About Gómez-Peña and Juan Ybarra (still to be collected):

-"A trio of artists opened to a full house Thursday night at Out North, (Anchorage, Alaska)presenting a provocative, engaging, often brilliant evening of that indefinable entertainment hybrid known as performance art. Guillermo Gomez-Pena, Silvana Straw and Juan Ybarra's spoken-word oratorio "Apocalypse Manana" collectively spun a Rolodex of genre-busting disciplines from poetry to dance to social satire to dramatic and comedic monologues. The collaborative effort, specifically concocted for Out North, showcased each artist's specialty, creating a kaleidoscopic journey into the deepest, darkest and most ridiculous recesses of contemporary America."
--Mark Muro

About Pocha Nostra's opera adventures:

-"There is something in 'The Indian Queen' to offend just about
everyone. There is also something in it that should delight or at least
astonish just about everyone as well. It's a mess. But it's a dazzling
mess. It utterly, totally, unapologetically undoes just about everything
its authors, composer Henry Purcell and poet John Dryden, set out to do
in 1695. But it saves a work that probably could survive in no other
reasonable way.

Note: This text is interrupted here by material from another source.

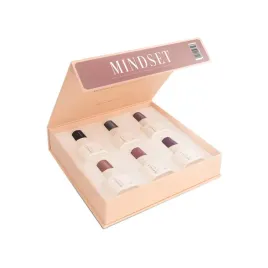 zestaw-lakierow-hybrydowych-pb-nails-mindset-8ml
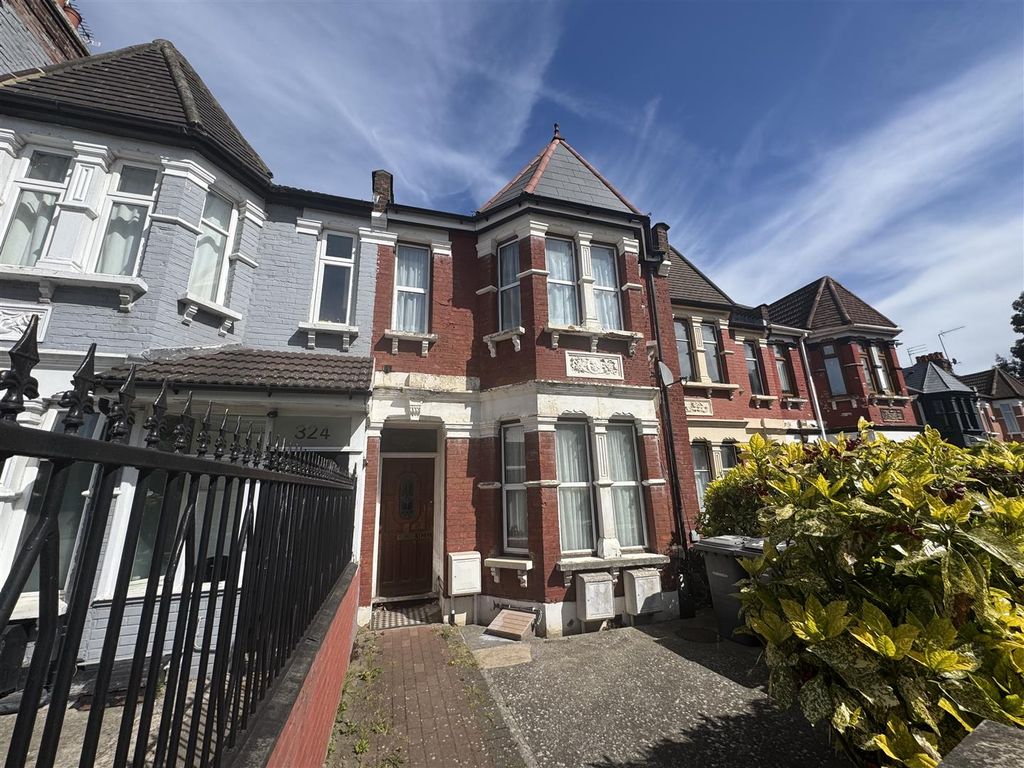 Property photo 1 of 10 Img_2476.Jpg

It brings something new to opera at a time when you
might think just about everything imaginable has already been done."
-Mark Swed, The Los Angeles Times

-"An in-your-face performance artist with a stong agenda to interpret
history from a politicized Chicano perspective, Gómez-Peña has no choice
but to understand Dryden's drama as Eurocentrist racism....Cultures clash. The main political outline of celebrating Chicano culture and skewering the racist West is not followed closely. Everything gets mixed up in parody and glorious parades. In fact, the real politics here is in pure storming of the opera stage, of putting as much on it as possible and doing it, ultimately, with a great sense of joy."
-Mark Swed, The Los Angeles Times

-“Forget the preachers and the soothsayers. When California slides into the Mexican ocean, put Gómez-Peña and Galindo on your speed dial. This is old-fashioned West Coast vision and prophecy time-warped into a future of digital polyculturalism that’s already here. Gómez-Peña speaks, shouts, whispers, and gushes in forked and curled tongues, a Nostradamus-Walter Mercado replicant who prays to Santa Selena and wears "Don’t Worry, Be Hopi" t-shirts. Galindo surrounds him in cut-up sound clouds of opera, speed metal, and urban noise—a jagged electro-ambience that converts the Hotel California into "la mansion de la muerte." These are chants for ethnic robots, rituals for post-millennial Mexican, and balms for the identity beleaguered. In other words, it’s fantasy and paranoia and hope and it comes in any language you want to make up." -Josh Kun

About the film “The Great Mojado Invasion”

-“A highlight of this selection of films is the latest work of Guillermo Gómez-Peña and Gustavo Vasquez, The Great Mojado Invasion (The Second US-Mexico War). This mock documentary presents an ironic 21st-century reversal of U.S.-Mexican relations, as "dastardly mustachioed bandits" conquer the United States and impose their own language and culture upon Anglo-Americans.”